- [Exercise materials]:
-- Opening Marker --

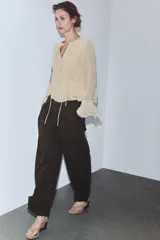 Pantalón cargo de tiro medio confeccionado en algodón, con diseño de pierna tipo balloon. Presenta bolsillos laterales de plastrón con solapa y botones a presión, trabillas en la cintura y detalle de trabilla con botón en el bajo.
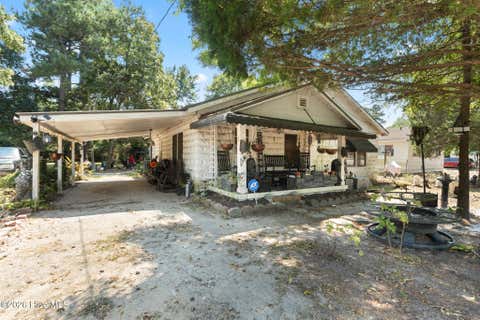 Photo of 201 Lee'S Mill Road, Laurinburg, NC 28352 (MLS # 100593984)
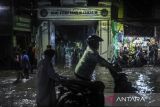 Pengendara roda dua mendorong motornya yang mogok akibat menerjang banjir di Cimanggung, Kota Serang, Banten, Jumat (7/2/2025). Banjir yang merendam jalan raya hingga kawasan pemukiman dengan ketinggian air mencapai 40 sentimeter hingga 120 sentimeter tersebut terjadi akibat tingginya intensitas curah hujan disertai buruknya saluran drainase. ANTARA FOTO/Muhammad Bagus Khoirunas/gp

-- Closing Marker --
-- Opening Marker --

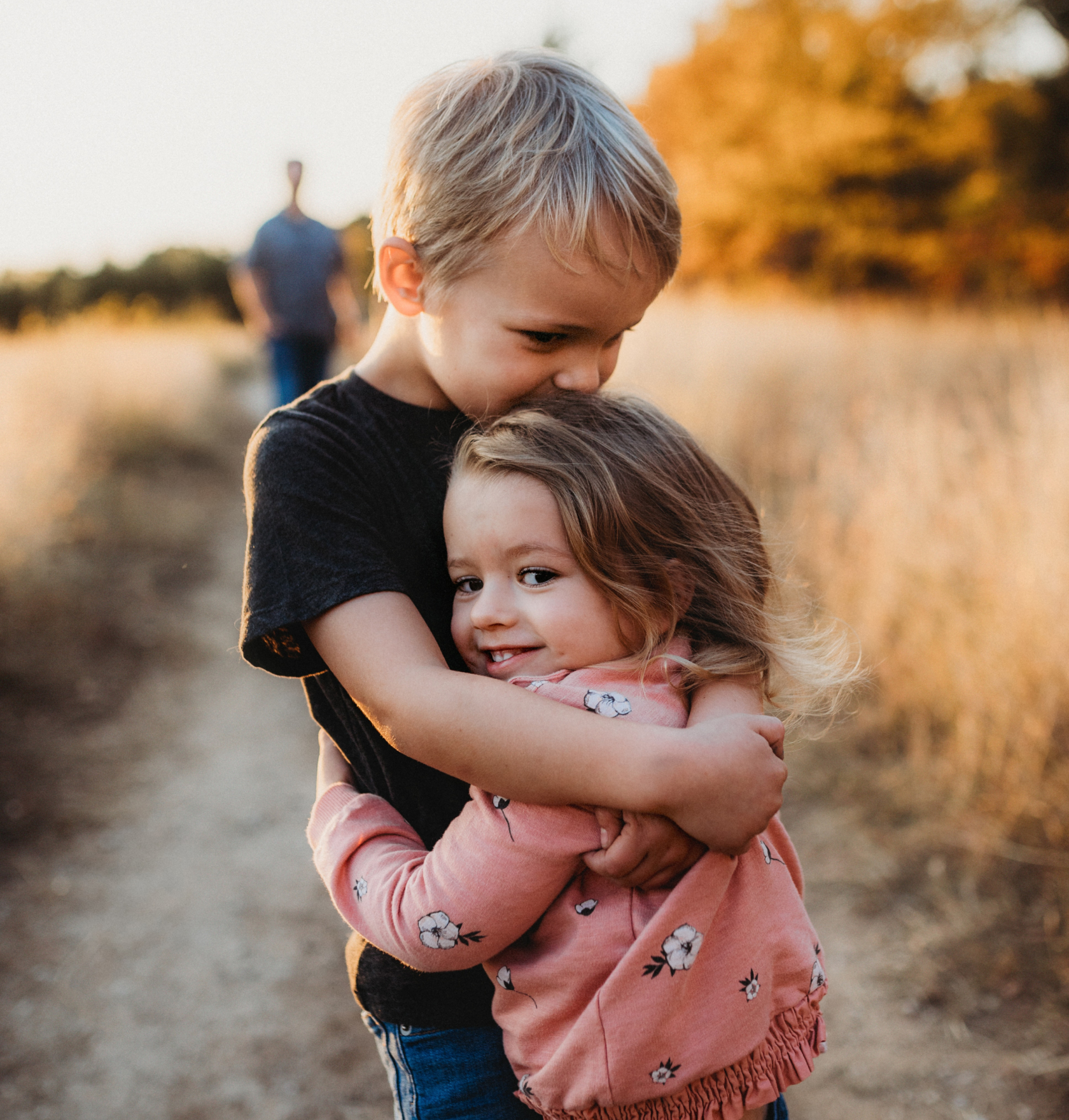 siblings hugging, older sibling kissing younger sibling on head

-- Closing Marker --
-- Opening Marker --

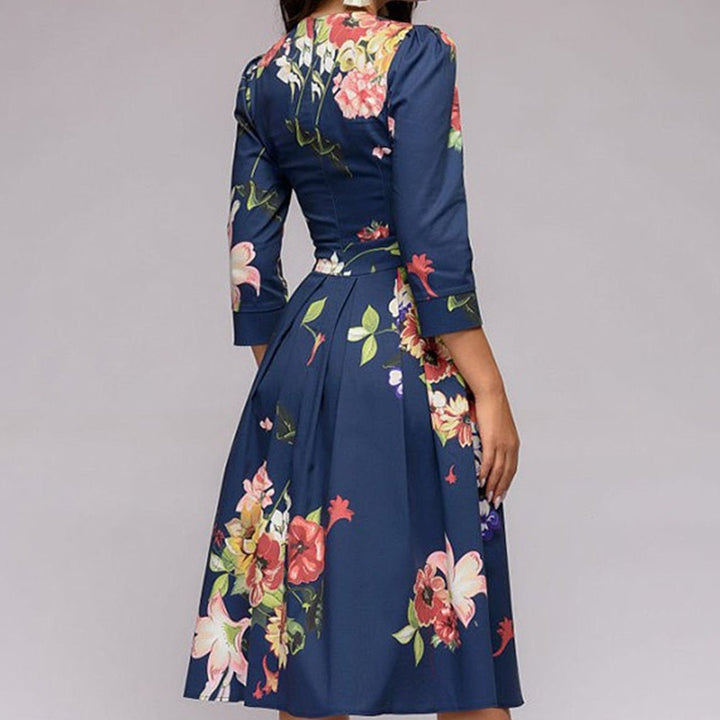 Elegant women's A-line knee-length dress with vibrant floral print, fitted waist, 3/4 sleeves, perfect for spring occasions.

-- Closing Marker --

- [Work item]: Start with the line above containing "Pantalón cargo de" and end with the line containing "Pengendara roda dua". Set down that stretch exactly, without any pictures.

- [Answer for this exercise]:
 Pantalón cargo de tiro medio confeccionado en algodón, con diseño de pierna tipo balloon. Presenta bolsillos laterales de plastrón con solapa y botones a presión, trabillas en la cintura y detalle de trabilla con botón en el bajo.
 Photo of 201 Lee'S Mill Road, Laurinburg, NC 28352 (MLS # 100593984)
 Pengendara roda dua mendorong motornya yang mogok akibat menerjang banjir di Cimanggung, Kota Serang, Banten, Jumat (7/2/2025). Banjir yang merendam jalan raya hingga kawasan pemukiman dengan ketinggian air mencapai 40 sentimeter hingga 120 sentimeter tersebut terjadi akibat tingginya intensitas curah hujan disertai buruknya saluran drainase. ANTARA FOTO/Muhammad Bagus Khoirunas/gp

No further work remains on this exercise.